Optimizing the rendering code for a particle system can be tricky. Additionally, given the speed of the current accelerators on the market, rendering is usually not the bottleneck. Updating the particles and creating new ones as the old ones die is significantly more expensive. Thus, I'll concentrate on the second technique.

Optimizing recalc() by means of LODs is relatively simple. We only need to define what will vary depending on the distance/resolution and how it will vary. The easiest technique is to vary the number of particles, interpolating from a basic particle system with only a few particles when we are far away, to a full-blown system when we are up close. The sequence we will follow will be

Calculate the ideal number of particles depending on distance.
Recalculate the existing particles.
If a particle dies, respawn it only if we are below our ideal particle number.
If we are still below our ideal particle number, scan the empty particles in the array to respawn accordingly.

So, we have an ideal system size that we converge on by means of not respawning particles (to decrease the size) or by creating new ones (to increase detail). A caveat on this technique is that it requires the viewer's speed to be slow compared to the respawn frequency of the particles.

As a counterexample, imagine a jet fighter simulator where we use this technique to simulate smoke coming from ground explosions. The plane "sees" the particle system five miles ahead, where it consists of about 10 particles only. Because the jet fighter is very fast, and the smoke plume is comparatively small, the plane can approach too fast for the system to create new particles, resulting in a poor-looking system.

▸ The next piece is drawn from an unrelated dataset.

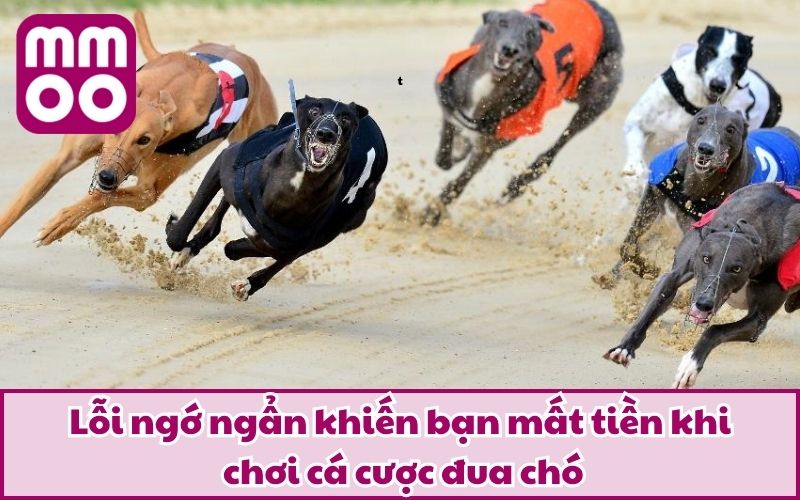 Hình Thức Cá Cược Đua Chó Mới Lạ Và Điều Bạn Cần Biết 2026 - Xevon Hình Thức Cá Cược Đua Chó Mới Lạ Và Điều Bạn Cần Biết 2026 - Xevon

Another way of optimizing recalculations involves simplifying the inner calculations performed for each particle. Some systems calculate complex equations to ensure a physically and visually correct look. But for distant systems, some calculations can be switched off, and thus save precious clock cycles. I will provide two examples here.

Imagine a physically based particle system, such as smoke plumes interacting with wind. Essentially, the plume rises using a sine wave to displace in X and Z, and some Perlin noise is added to the mix to provide a nice, rich swirling. Noise influence is increased with height, so the top of the plume is more chaotic.

But remember that Perlin noise is a costly function: Each evaluation requires nontrivial math such as trilinear interpolations and Spherical Linear Interpolators (SLERPs). Clearly, not the kind of math you want to do standing five miles away from the system. So, our decision could be to switch off the Perlin noise with distance.

A different example would be global or interactive particle systems, where each particle interacts with the others or with the environment to create a complex behavior. Many times, these interparticle interactions provide subtle detail, such as particle collisions, attractions, and repulsion: leaves falling and colliding with each other, raindrops colliding with the scenario, and so on. On the other hand, they are very costly. Remember that the classic particle recalc loop has a cost of

 O(number of particles)

But an interactive system raises that to

 O(# of particles * # of interactors)

We have seen how spatial indexing techniques can be used to reduce the second member of the cost equation. But many global or interactive calculations can be scaled down (or even completely eliminated) with distance. It is unlikely that the viewer will notice if the leaves are not colliding when standing sufficiently far away from the system.

Shader-Based Particle Systems

One of the best ways to speed up a particle system is to implement the expensive physics simulator on a shader (shaders are covered in Chapter 21, "Procedural Techniques"), so it can be executed in parallel to the CPU. This imposes some restrictions on what can actually be computed, but most effects can be achieved this way.

Shaders are an advanced subject, and covering them here would interfere with the structure of the book. But a complete section on particle systems and shaders can be found in Chapter 21. I suggest you browse that section to learn how to speed up the computation of a particle system using shaders.